Ready, Fire, Aim – How Kiwi Culture Impacts Value Creation

Despite exceptional rates of entrepreneurialism and a highly innovative culture, New Zealand continues to lag in terms of economic performance. But a new study commissioned by New Zealand Trade & Enterprise points to some of our self limiting cultural attributes.

Being a nation built upon successive waves of largely working class migrants, it comes as no surprise that practical self reliance and a tendency to under-value intellectual assets and capabilities, feature strongly in our national psyche. Sometimes the very attributes that make us strong, can also be our undoing.

Perhaps that it is why I have found it refreshing to work with some recently arrived skilled migrants. It has forced me to confront some of my own self-limiting behaviours and to adjust my success horizon. In fact it has challenged me to redefine exactly what success looks like.

The NZT&E report suggests that it’s not just about working smarter to create more economic value, it’s also about capturing that value. It is not sufficient simply to be innovative (which we are already). I think what they are trying to say is that we undervalue the intangible assets like intellectual property and customer relationships.

The report author proposes adding value by not only addressing the cultural peculiarities that sometimes afflict us but also by ensuring that we create value through other channels such as licensing and transfer of intellectual assets. For example at ideegeo we not only provide domain management through iWantMyName, but we also license out the software to other registrars.

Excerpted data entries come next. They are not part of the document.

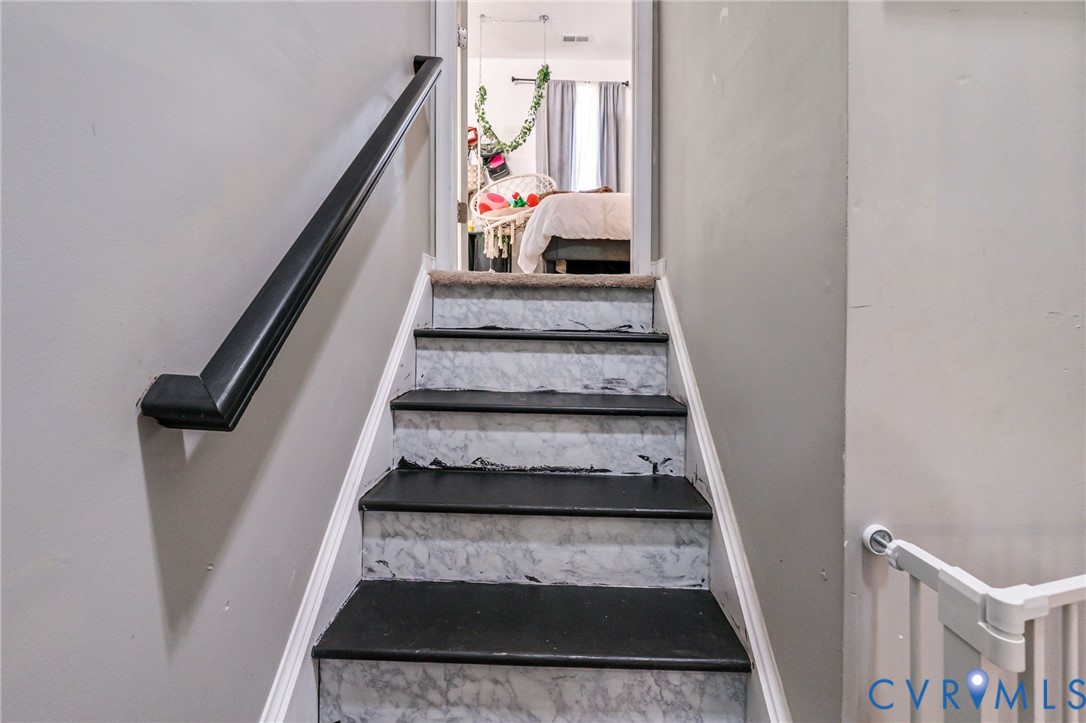 3218 Rimswell Court Midlothian, VA 23112 - Photo 15 of 32 Stairs with baseboards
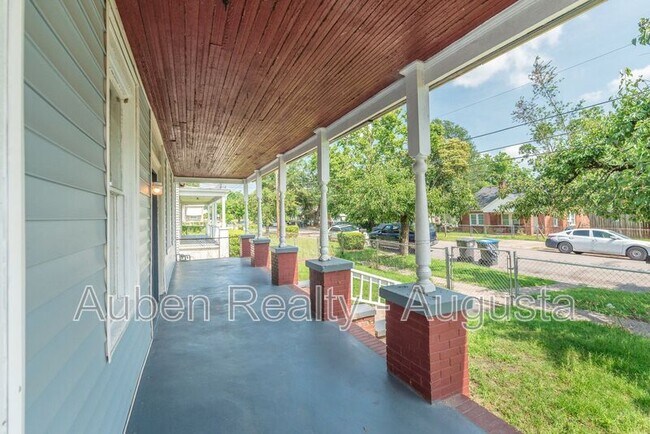 Photo - 2024 Clark St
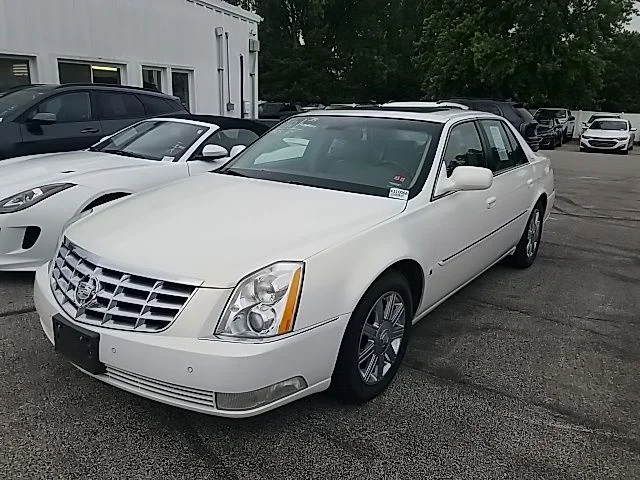 Used 2006 White Cadillac Base image 11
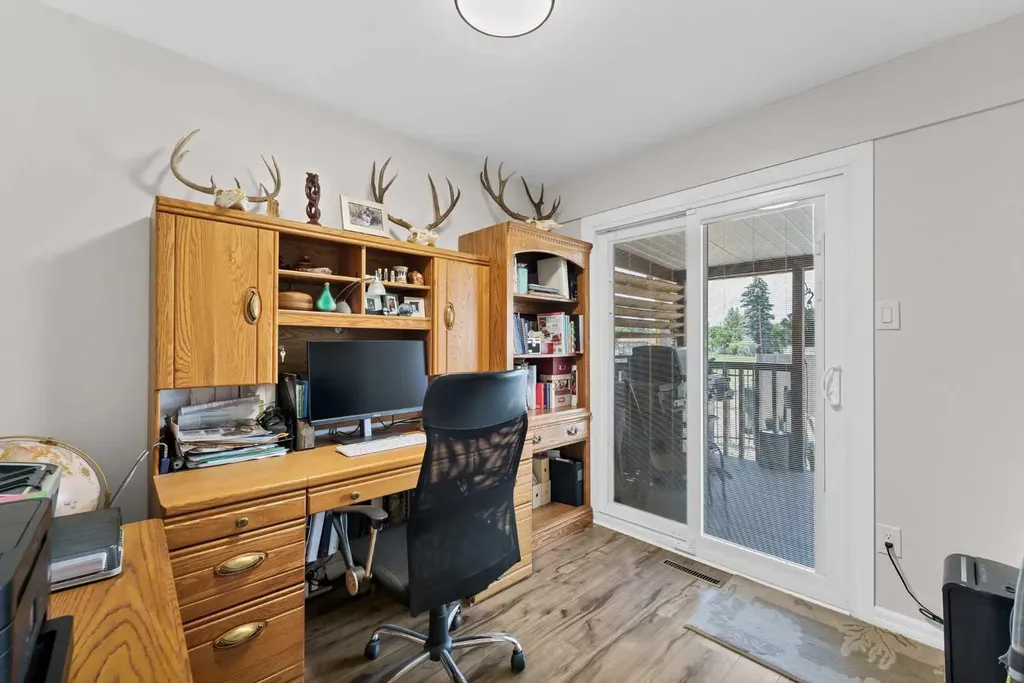 1640 9 Avenue NE Medicine Hat AB T1A6G2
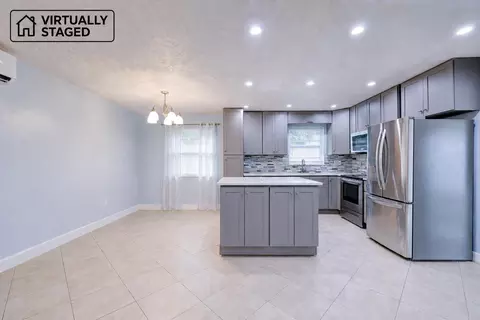 Kitchen - 3394 SE Jefferson St, Stuart, FL 34997 photo 2 of 2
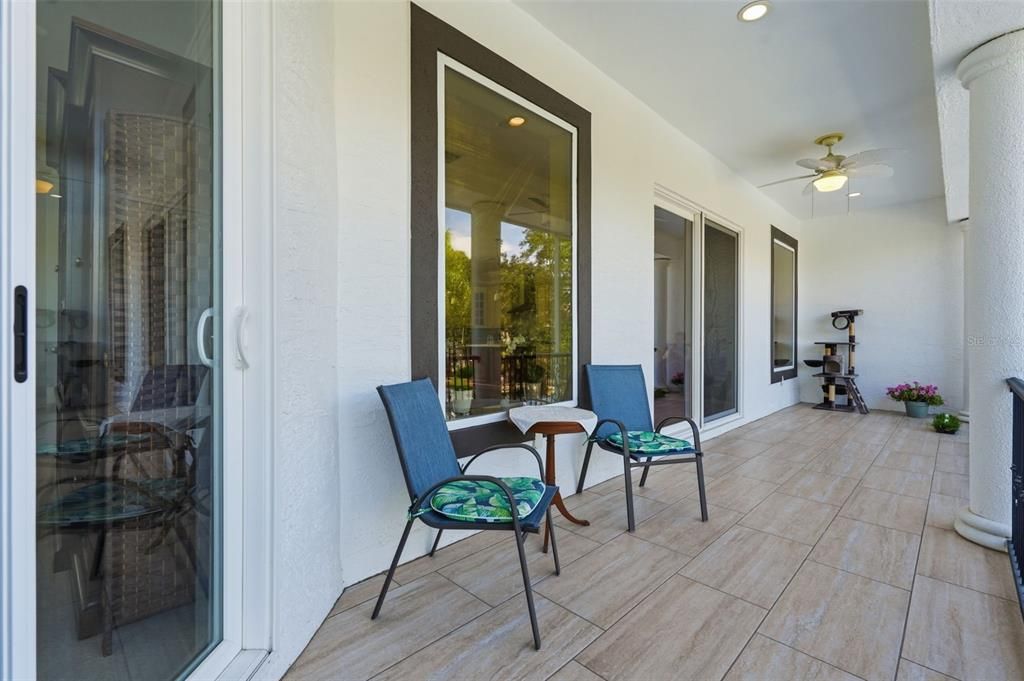 En Venta: $659,000 (3 camas, 3 baños, 1734 Pies cuadrados)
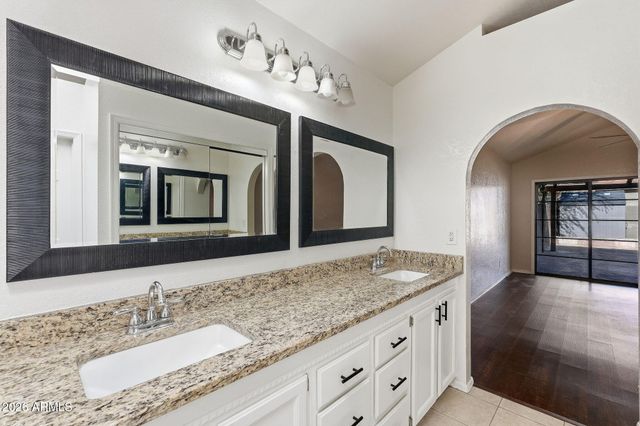 3538 E South Fork Drive, Phoenix, AZ 85044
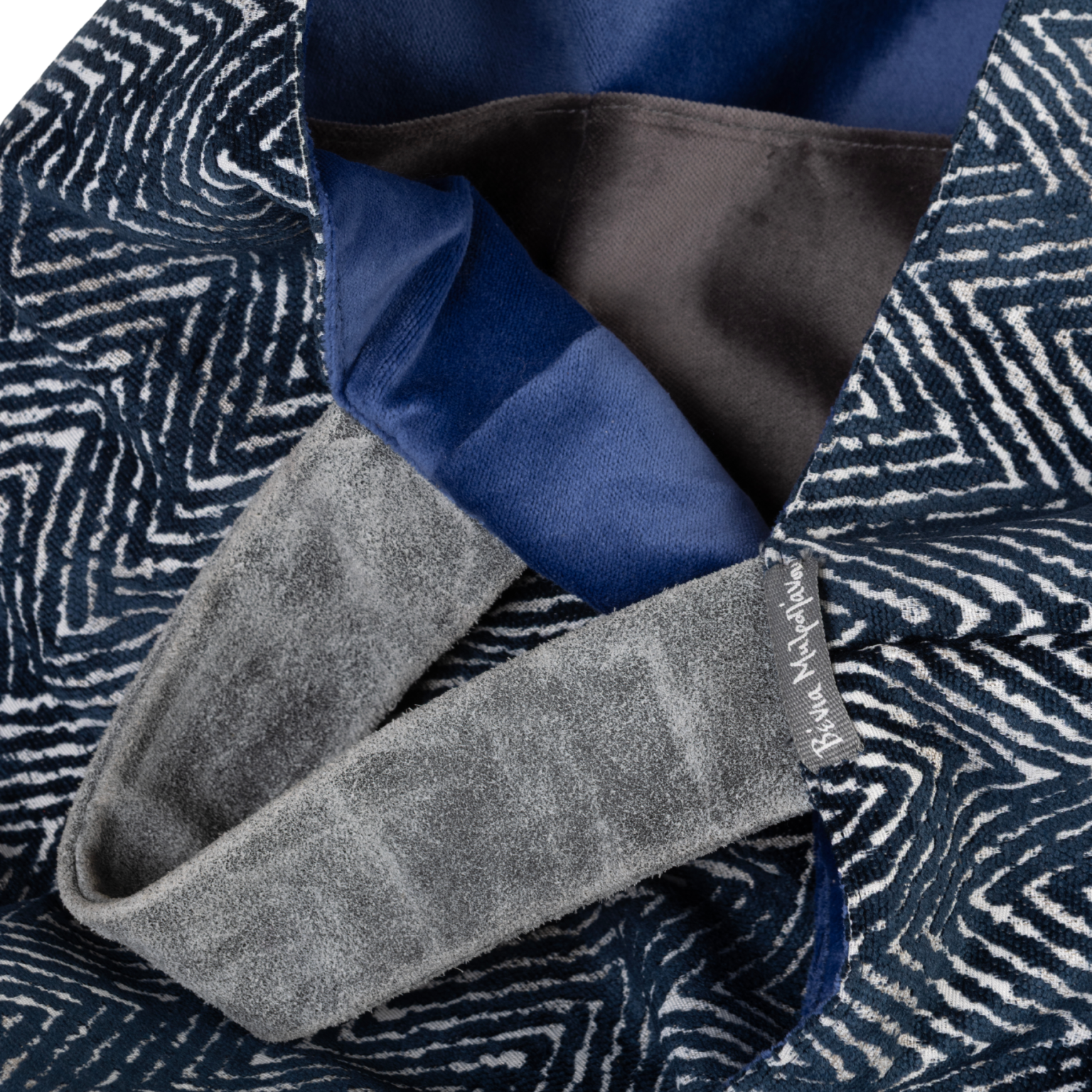 Bags by Venia Mitropanou — handcrafted in Greece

It is also suggested in the study that we have deeply embedded cultures within our organisations and a “commodity trading psyche” that sometimes impedes us from getting to know our offshore customers. We need to get better at relationship building.¬†Perhaps the producers of goods, targetted by this report, could learn from how web based businesses create value through open communication environments, knowledge-sharing and the construction of social capital as a means to building intangible value within business.